Bagikan:

JAKARTA - Bursa Efek Indonesia (BEI) secara resmi meluncurkan Papan Pemantauan Khusus tahap II dengan penerapan metode full periodic call auction (FCA) atau lelang berkala penuh di pasar saham Indonesia, Senin 25 Maret. 

Kebijakan ini diharapkan dapat meningkatkan perlindungan bagi investor dengan memberikan transparansi lebih dalam pembentukan harga saham.

Namun, penerapan FCA sepanjang waktu perdagangan telah menimbulkan kekhawatiran tentang potensi ketidakstabilan pasar.

Apalagi, kebijakan FCA yang diterapkan sepanjang waktu perdagangan di Indonesia berbeda dengan praktik di negara-negara lain yang umumnya hanya menggunakan metode ini pada pre-opening dan pre-closing.

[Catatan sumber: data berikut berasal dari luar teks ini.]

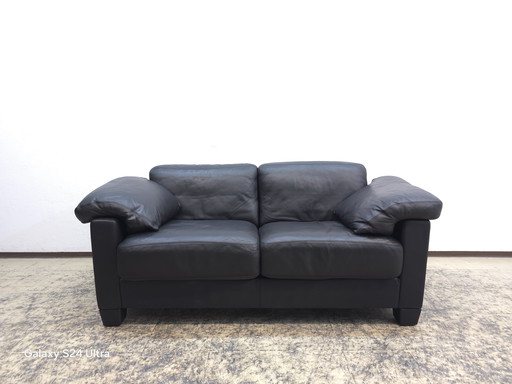 De Sede Ds 17 Designersofa Ledersofa Desede Couch Zweisitzer 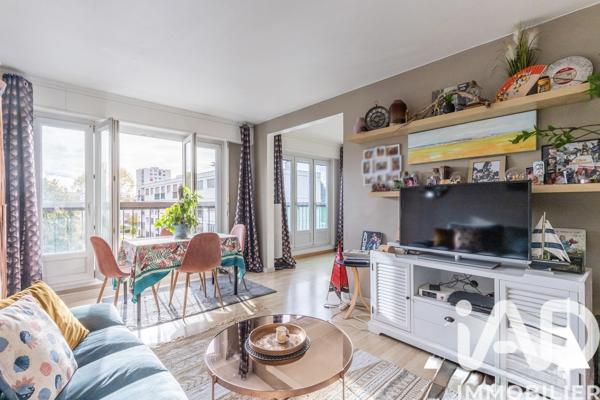 Appartement à vendre 4 pièces 73,79 m² Chilly-Mazarin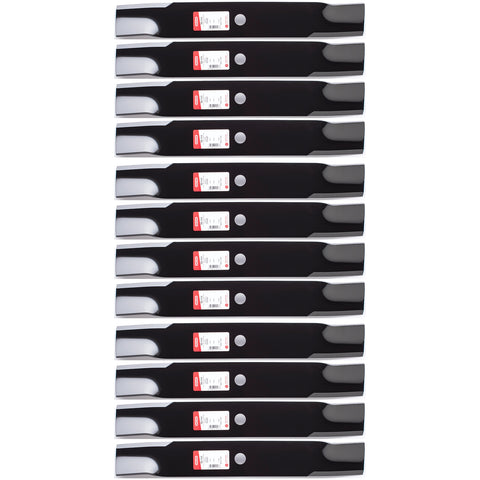 Oregon 92-113 Heavy Duty Blades for 60" John Deere TCU15881, TCU18990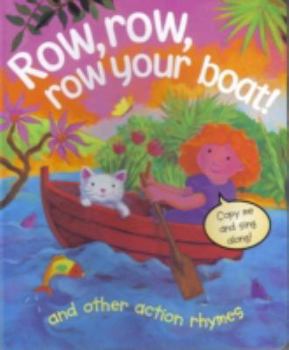 Hardcover Row Row Row Your Boat (Childrens Activity) Book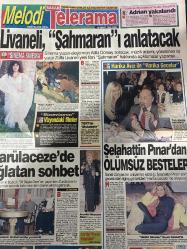 SABAH MELODİ GAZETESİ VE SABAH TELERAMA GAZETESİ KADINLARA ÖZEL - 18 Şubat 1994 -Karikatürler-Walt Disney/Boncuk-Mort Walker-Dick Browne/Bizim Aile-Tom Armstrong/Marvin-Graham Allen-John Dodd/Kral Kedi-Süleyman Turan/Dön Artık-Astroloji-Bülent Kısa-Klinik-Meltem Pusat-Telerama Programı-Sabah Filmleri-Öğlen Filmleri-Akşam Filmleri-Erdoğan Sevgin-Ali Öztürk-Yasemin bozkurt-muazzez abacı-Mehtap Ar-Çetin Çeki-Harika avcı-Selahattin Pınar-Hakan peker-Mustafa yaşar-Türkan Şoray-Ekrem Bora-MFÖ-Hülya Avşar-Rasim Öztekin-Demet akbağ-Emin divrik-Akrep Nalan-Ayhan aşan-Askaro-Popcorn dergisi-Brandon Lee-Tanju korel-neslihan acar-Faruk tınaz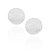 Brinco Circulo Textura Rbranco - Imagem 1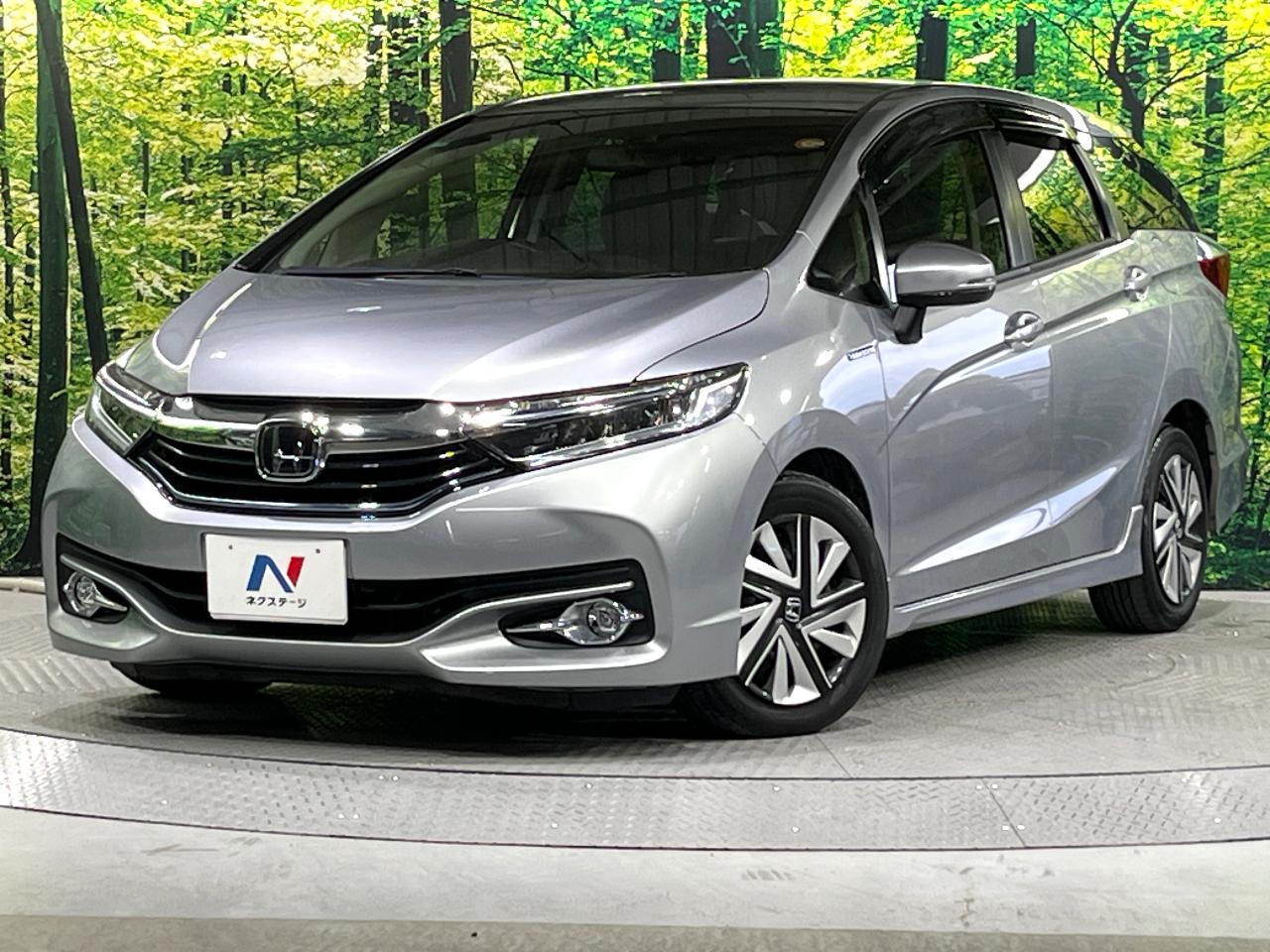 2018 Honda SHUTTLE DAA-GP7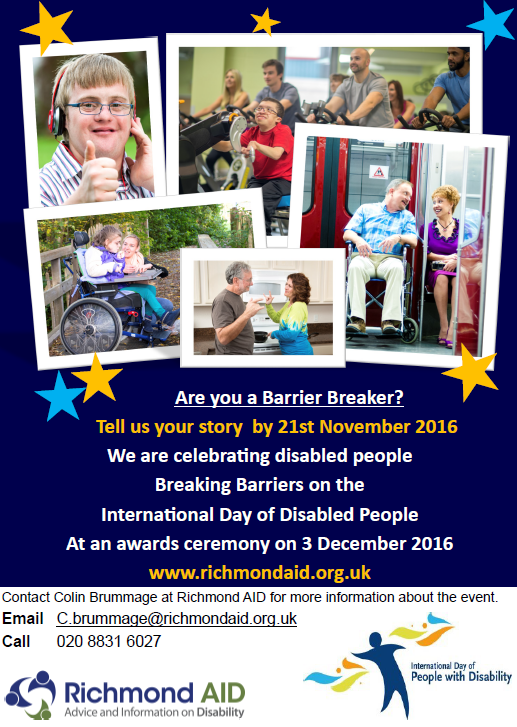 Breaking Barriers Celebrating International Day of Persons with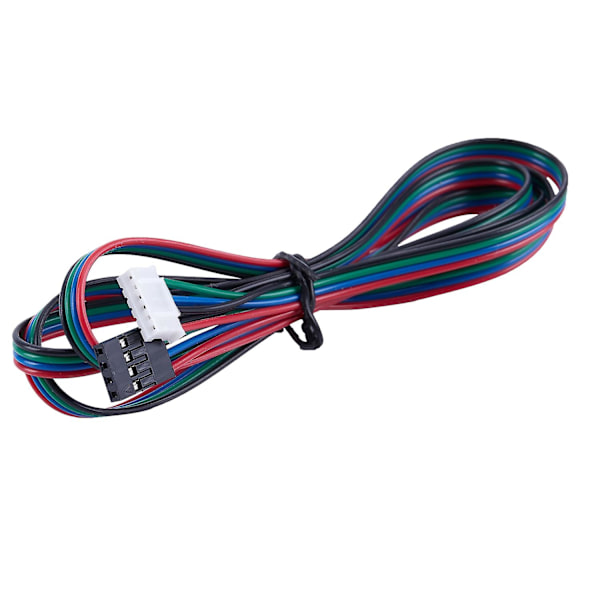XJ-Förlängd Nema 17 Kabel 1m Lång 4 6 Pin 3D-Skrivare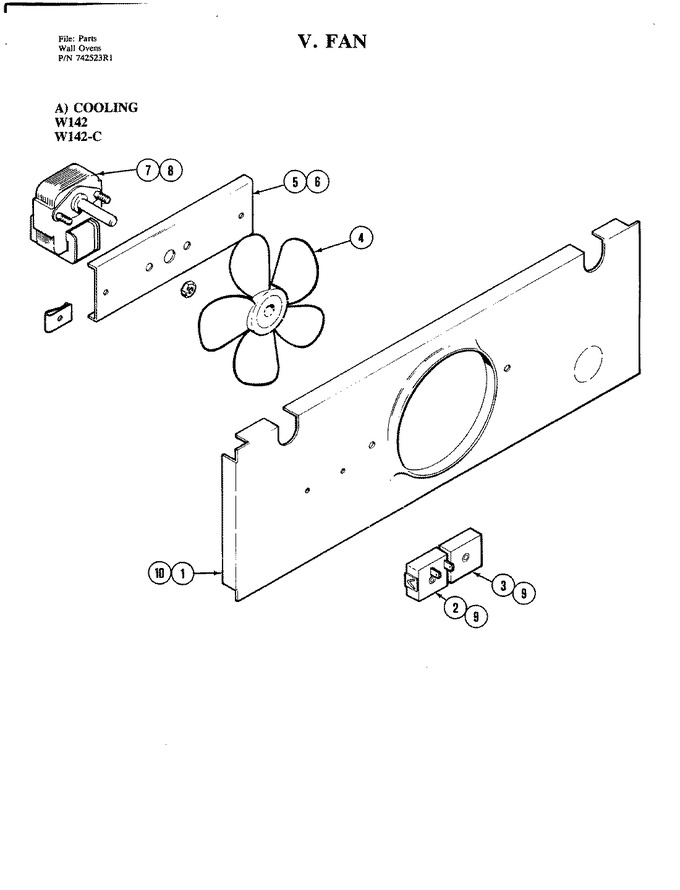 Diagram for W142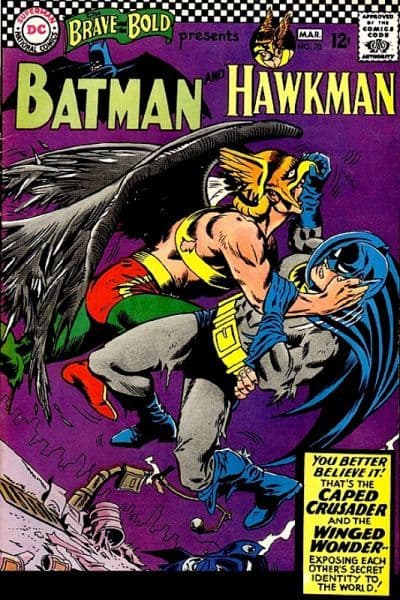 The Brave and the Bold #70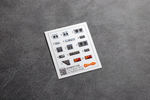 Russian Naval 10-ton Tractor details set for RFM 4802 1/48 (3D decal)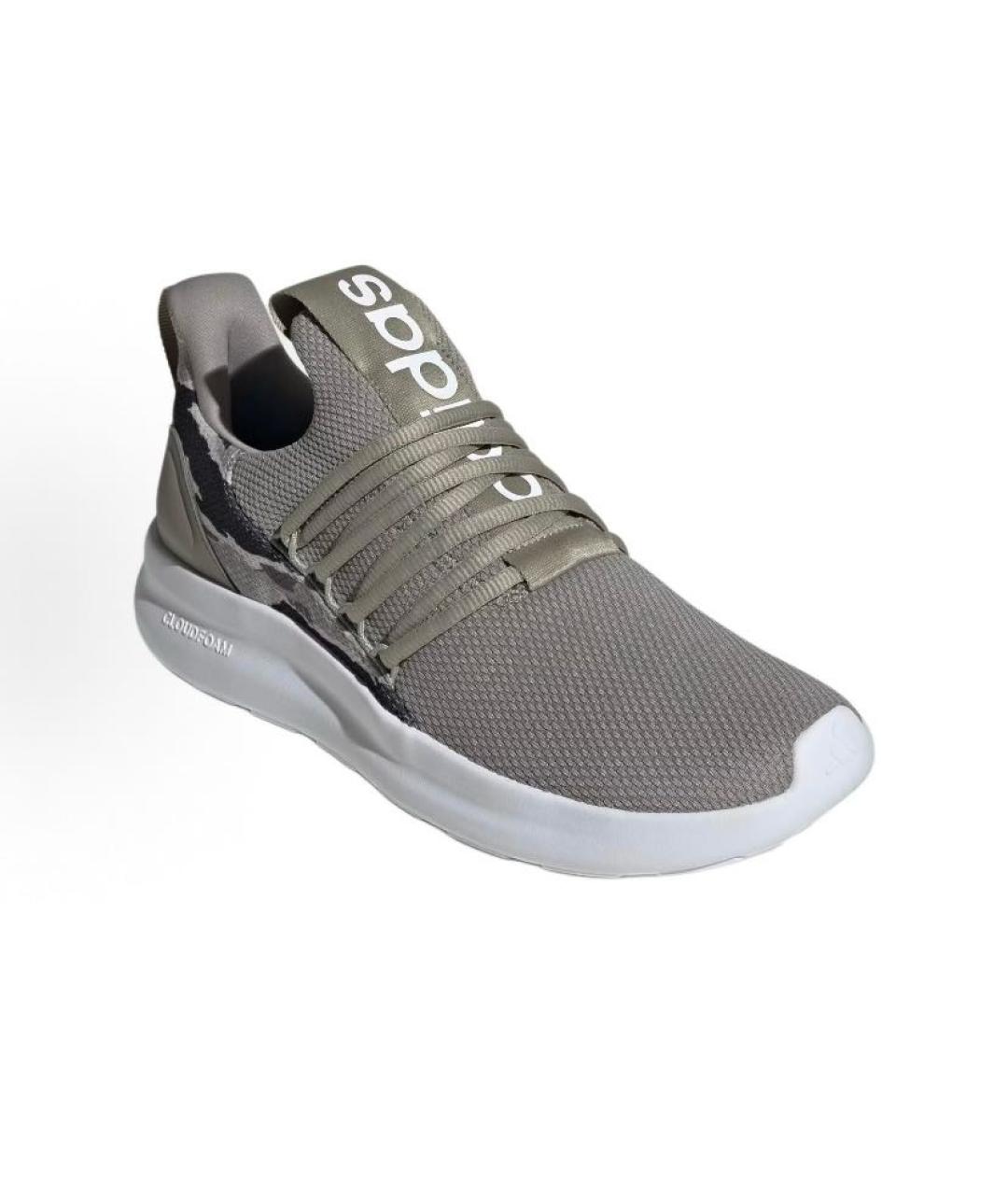 ADIDAS Серые текстильные кроссовки, фото 3
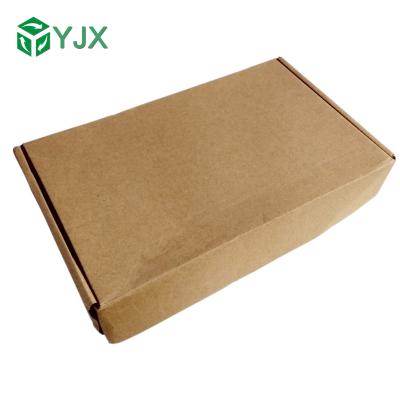 China Recyclable E-commerce Express Cardboard Pizza Style Corrugated Box For Wide Usage for sale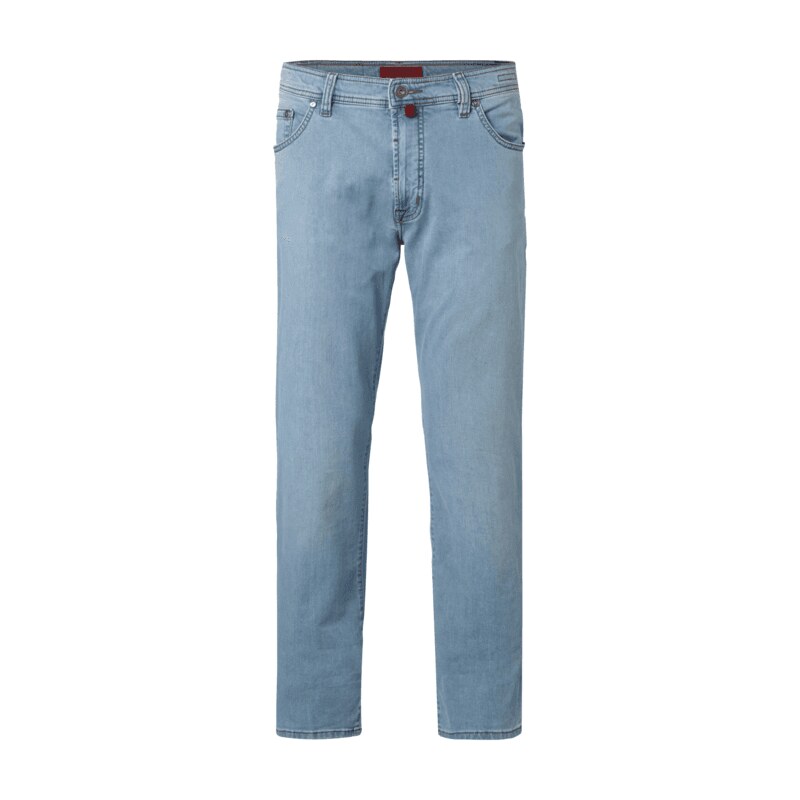 Pierre Cardin Regular Fit Stone Washed Jeans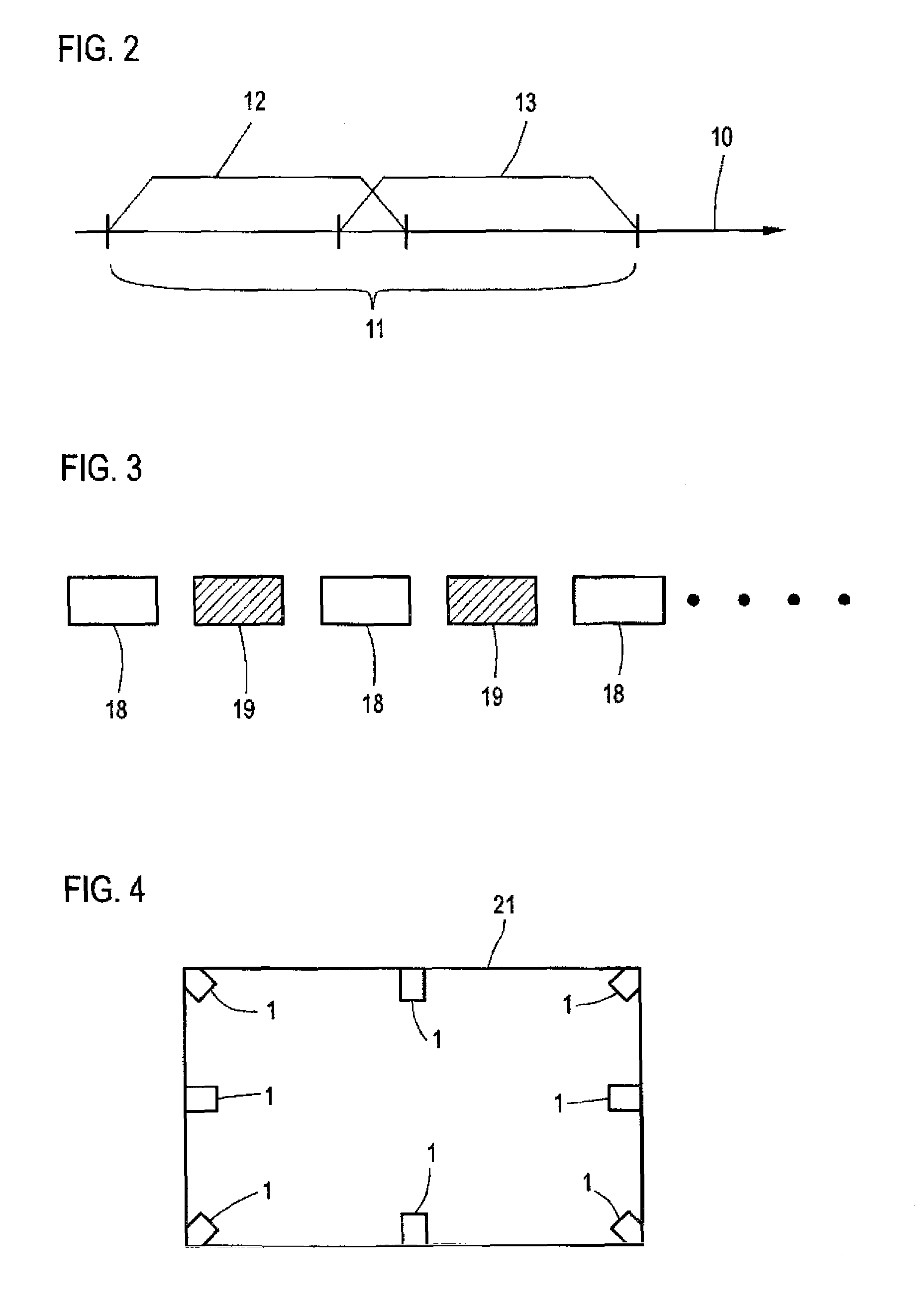 Radar sensor for a motor vehicle, motor vehicle and communication method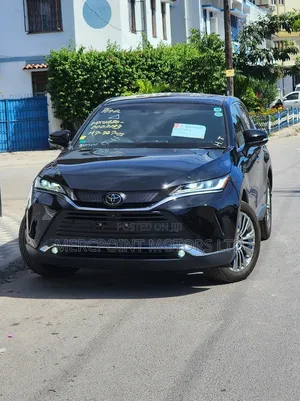 Toyota Harrier 2020 Black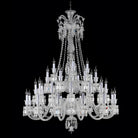 36 Lights Baccarat Crystal Chandelier - Blushlighting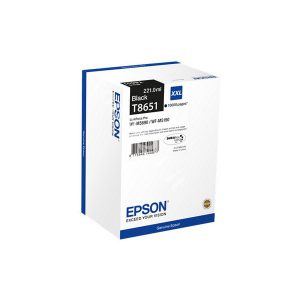 Originale Epson inkjet cartuccia ink pigmentato DURABrite Ultra 86XXL - nero - C13T865140
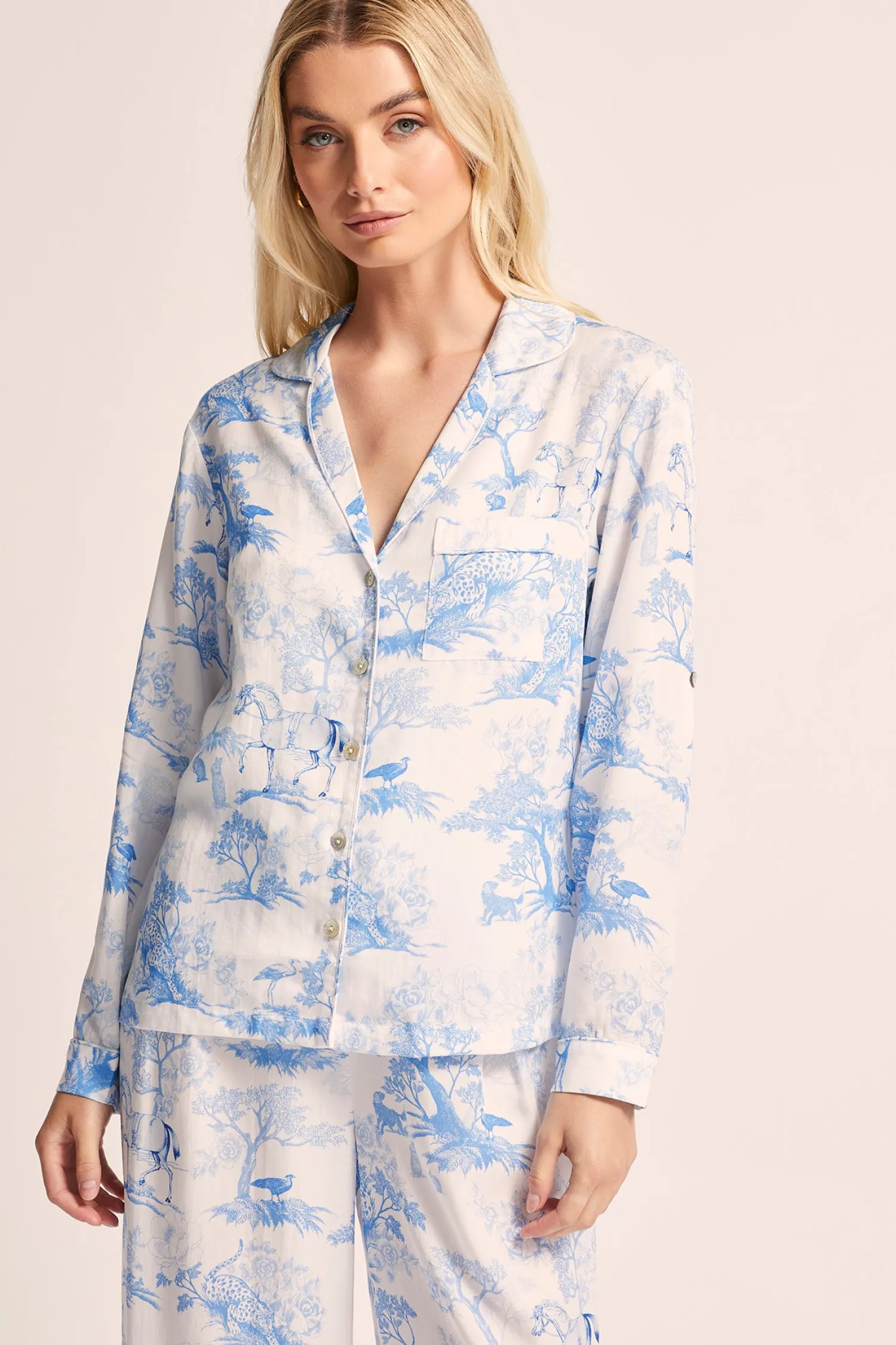 Homebodii Camille Tencel™ Lounge Pyjama Set Fashion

Di negara lain, penerapan FCA pada waktu terbatas ini bertujuan untuk mengurangi dampak negatif pada pasar dan memberikan waktu bagi investor untuk melakukan penilaian harga yang lebih baik.

Di Indonesia, penerapan FCA sepanjang waktu perdagangan justru menimbulkan risiko harga saham menjadi kurang transparan dan meningkatkan risiko bagi investor.

Kebijakan ini memicu keresahan di kalangan investor. Beberapa investor menunjukkan ketidakpuasan mereka dengan mengirimkan karangan bunga sebagai bentuk sindiran kepada BEI.

Dua kiriman karangan bunga yang diterima BEI menjadi sorotan. Karangan bunga pertama dikirimkan oleh Dayat Subagja & Keluarga, sementara yang kedua dikirimkan oleh Devin Hutapea dkk, dengan pesan yang jelas menolak kebijakan FCA yang dianggap tidak kondusif bagi pasar saham.

Karangan bunga tersebut tiba pada pukul 15.00, namun segera dipindahkan oleh pihak sekuriti BEI sekitar lima menit kemudian. Insiden ini menunjukkan ketidakpuasan di kalangan investor terhadap kebijakan baru tersebut.

"Yth. Pimpinan BEI, tolong rubah FCA ngga kondusif buat market," demikian bunyi karangan bunga yang dikirimkan oleh Devin Hutapea dkk.

Tidak hanya itu, seorang investor saham dari komunitas IndoStocks Traders yang tinggal di Jakarta, juga membuka petisi melalui Change.org. Ia merasa terganggu oleh peraturan Papan Full Auction yang berlaku saat ini.

Menurutnya, saham yang masuk papan full auction tidak memiliki bid offer, sehingga situasinya menjadi gelap dan sulit diprediksi.

Harga saham tiba-tiba terbentuk melalui random closing, yang membuat situasi mirip dengan permainan judi daripada investasi yang aman dan dapat diprediksi.

Petisi ini mencerminkan kekhawatiran banyak investor mengenai stabilitas pasar saham Indonesia.

Menurut data dari Otoritas Jasa Keuangan (OJK), jumlah investor saham di Indonesia pada tahun 2020 mencapai 3,87 juta orang.

Adanya peraturan Papan Full Auction membuat kestabilan investasi mereka menjadi terancam.

Hingga saat ini, petisi tersebut telah mendapatkan 12.500 tanda tangan sejak diposting dua yang lalu.

Para penandatangan petisi mendesak Otoritas Jasa Keuangan (OJK) untuk menghapuskan peraturan Papan Full Auction demi menjaga kestabilan pasar saham dan melindungi para investor.

"Tandatangani petisi ini jika Anda setuju bahwa Peraturan Papan Full Auction harus dihapuskan!" demikian ajakan yang tertulis dalam petisi tersebut.